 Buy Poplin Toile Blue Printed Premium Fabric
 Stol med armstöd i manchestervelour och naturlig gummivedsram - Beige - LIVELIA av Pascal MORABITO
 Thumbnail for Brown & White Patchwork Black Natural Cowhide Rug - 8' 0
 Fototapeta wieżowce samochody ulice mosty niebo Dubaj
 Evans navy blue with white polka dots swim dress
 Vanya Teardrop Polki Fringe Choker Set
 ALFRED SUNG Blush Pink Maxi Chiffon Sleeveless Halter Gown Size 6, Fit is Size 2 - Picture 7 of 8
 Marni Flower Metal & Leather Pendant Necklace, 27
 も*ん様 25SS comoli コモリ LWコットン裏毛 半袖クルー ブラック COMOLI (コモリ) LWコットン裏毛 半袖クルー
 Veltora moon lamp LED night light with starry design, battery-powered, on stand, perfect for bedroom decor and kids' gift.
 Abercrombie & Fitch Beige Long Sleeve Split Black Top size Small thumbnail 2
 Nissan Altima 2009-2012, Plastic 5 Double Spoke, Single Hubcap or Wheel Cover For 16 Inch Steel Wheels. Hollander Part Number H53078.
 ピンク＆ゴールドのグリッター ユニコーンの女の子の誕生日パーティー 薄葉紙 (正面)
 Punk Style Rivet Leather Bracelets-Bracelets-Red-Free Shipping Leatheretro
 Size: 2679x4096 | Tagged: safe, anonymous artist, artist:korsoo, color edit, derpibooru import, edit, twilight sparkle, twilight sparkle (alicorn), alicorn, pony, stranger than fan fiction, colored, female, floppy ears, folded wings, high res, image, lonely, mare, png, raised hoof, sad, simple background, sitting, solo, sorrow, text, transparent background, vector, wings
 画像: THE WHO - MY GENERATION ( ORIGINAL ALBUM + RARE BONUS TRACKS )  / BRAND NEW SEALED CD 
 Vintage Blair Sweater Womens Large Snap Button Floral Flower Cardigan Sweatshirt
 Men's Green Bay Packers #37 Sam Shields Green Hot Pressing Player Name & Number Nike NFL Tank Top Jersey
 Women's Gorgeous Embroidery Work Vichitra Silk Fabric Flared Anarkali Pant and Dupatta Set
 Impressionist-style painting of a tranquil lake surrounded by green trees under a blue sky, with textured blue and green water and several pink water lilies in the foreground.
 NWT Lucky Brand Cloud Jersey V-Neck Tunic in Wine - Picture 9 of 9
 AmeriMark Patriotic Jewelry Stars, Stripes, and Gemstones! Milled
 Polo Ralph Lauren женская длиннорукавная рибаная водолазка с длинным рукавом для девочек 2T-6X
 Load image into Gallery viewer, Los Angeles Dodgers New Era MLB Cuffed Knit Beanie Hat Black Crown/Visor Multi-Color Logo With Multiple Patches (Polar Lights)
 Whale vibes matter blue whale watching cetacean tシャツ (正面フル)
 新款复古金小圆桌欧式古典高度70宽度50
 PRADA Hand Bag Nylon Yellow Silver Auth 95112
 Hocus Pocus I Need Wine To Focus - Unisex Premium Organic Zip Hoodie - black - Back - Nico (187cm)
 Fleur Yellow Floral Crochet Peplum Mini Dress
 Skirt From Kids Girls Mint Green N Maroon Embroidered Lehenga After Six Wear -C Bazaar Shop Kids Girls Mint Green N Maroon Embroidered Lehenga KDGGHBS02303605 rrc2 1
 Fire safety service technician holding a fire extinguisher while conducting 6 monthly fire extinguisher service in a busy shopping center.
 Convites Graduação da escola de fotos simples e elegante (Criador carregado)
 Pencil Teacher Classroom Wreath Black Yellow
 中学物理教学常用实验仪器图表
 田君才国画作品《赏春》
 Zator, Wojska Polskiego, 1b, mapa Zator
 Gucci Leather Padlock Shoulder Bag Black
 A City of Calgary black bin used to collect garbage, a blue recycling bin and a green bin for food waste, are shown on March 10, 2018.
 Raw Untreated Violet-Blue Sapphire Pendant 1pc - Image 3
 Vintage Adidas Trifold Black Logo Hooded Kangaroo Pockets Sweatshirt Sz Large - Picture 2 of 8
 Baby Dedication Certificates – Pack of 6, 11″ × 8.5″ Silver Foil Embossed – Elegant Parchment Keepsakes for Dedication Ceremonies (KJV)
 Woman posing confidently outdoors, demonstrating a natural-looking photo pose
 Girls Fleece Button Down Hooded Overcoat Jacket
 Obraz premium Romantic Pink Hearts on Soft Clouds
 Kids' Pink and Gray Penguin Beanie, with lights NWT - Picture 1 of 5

AIM OF THE TASK: Reproduce the records above in full and with exact wording.

ANSWER TO THE PROBLEM:
 Buy Poplin Toile Blue Printed Premium Fabric
 Stol med armstöd i manchestervelour och naturlig gummivedsram - Beige - LIVELIA av Pascal MORABITO
 Thumbnail for Brown & White Patchwork Black Natural Cowhide Rug - 8' 0
 Fototapeta wieżowce samochody ulice mosty niebo Dubaj
 Evans navy blue with white polka dots swim dress
 Vanya Teardrop Polki Fringe Choker Set
 ALFRED SUNG Blush Pink Maxi Chiffon Sleeveless Halter Gown Size 6, Fit is Size 2 - Picture 7 of 8
 Marni Flower Metal & Leather Pendant Necklace, 27
 も*ん様 25SS comoli コモリ LWコットン裏毛 半袖クルー ブラック COMOLI (コモリ) LWコットン裏毛 半袖クルー
 Veltora moon lamp LED night light with starry design, battery-powered, on stand, perfect for bedroom decor and kids' gift.
 Abercrombie & Fitch Beige Long Sleeve Split Black Top size Small thumbnail 2
 Nissan Altima 2009-2012, Plastic 5 Double Spoke, Single Hubcap or Wheel Cover For 16 Inch Steel Wheels. Hollander Part Number H53078.
 ピンク＆ゴールドのグリッター ユニコーンの女の子の誕生日パーティー 薄葉紙 (正面)
 Punk Style Rivet Leather Bracelets-Bracelets-Red-Free Shipping Leatheretro
 Size: 2679x4096 | Tagged: safe, anonymous artist, artist:korsoo, color edit, derpibooru import, edit, twilight sparkle, twilight sparkle (alicorn), alicorn, pony, stranger than fan fiction, colored, female, floppy ears, folded wings, high res, image, lonely, mare, png, raised hoof, sad, simple background, sitting, solo, sorrow, text, transparent background, vector, wings
 画像: THE WHO - MY GENERATION ( ORIGINAL ALBUM + RARE BONUS TRACKS )  / BRAND NEW SEALED CD 
 Vintage Blair Sweater Womens Large Snap Button Floral Flower Cardigan Sweatshirt
 Men's Green Bay Packers #37 Sam Shields Green Hot Pressing Player Name & Number Nike NFL Tank Top Jersey
 Women's Gorgeous Embroidery Work Vichitra Silk Fabric Flared Anarkali Pant and Dupatta Set
 Impressionist-style painting of a tranquil lake surrounded by green trees under a blue sky, with textured blue and green water and several pink water lilies in the foreground.
 NWT Lucky Brand Cloud Jersey V-Neck Tunic in Wine - Picture 9 of 9
 AmeriMark Patriotic Jewelry Stars, Stripes, and Gemstones! Milled
 Polo Ralph Lauren женская длиннорукавная рибаная водолазка с длинным рукавом для девочек 2T-6X
 Load image into Gallery viewer, Los Angeles Dodgers New Era MLB Cuffed Knit Beanie Hat Black Crown/Visor Multi-Color Logo With Multiple Patches (Polar Lights)
 Whale vibes matter blue whale watching cetacean tシャツ (正面フル)
 新款复古金小圆桌欧式古典高度70宽度50
 PRADA Hand Bag Nylon Yellow Silver Auth 95112
 Hocus Pocus I Need Wine To Focus - Unisex Premium Organic Zip Hoodie - black - Back - Nico (187cm)
 Fleur Yellow Floral Crochet Peplum Mini Dress
 Skirt From Kids Girls Mint Green N Maroon Embroidered Lehenga After Six Wear -C Bazaar Shop Kids Girls Mint Green N Maroon Embroidered Lehenga KDGGHBS02303605 rrc2 1
 Fire safety service technician holding a fire extinguisher while conducting 6 monthly fire extinguisher service in a busy shopping center.
 Convites Graduação da escola de fotos simples e elegante (Criador carregado)
 Pencil Teacher Classroom Wreath Black Yellow
 中学物理教学常用实验仪器图表
 田君才国画作品《赏春》
 Zator, Wojska Polskiego, 1b, mapa Zator
 Gucci Leather Padlock Shoulder Bag Black
 A City of Calgary black bin used to collect garbage, a blue recycling bin and a green bin for food waste, are shown on March 10, 2018.
 Raw Untreated Violet-Blue Sapphire Pendant 1pc - Image 3
 Vintage Adidas Trifold Black Logo Hooded Kangaroo Pockets Sweatshirt Sz Large - Picture 2 of 8
 Baby Dedication Certificates – Pack of 6, 11″ × 8.5″ Silver Foil Embossed – Elegant Parchment Keepsakes for Dedication Ceremonies (KJV)
 Woman posing confidently outdoors, demonstrating a natural-looking photo pose
 Girls Fleece Button Down Hooded Overcoat Jacket
 Obraz premium Romantic Pink Hearts on Soft Clouds
 Kids' Pink and Gray Penguin Beanie, with lights NWT - Picture 1 of 5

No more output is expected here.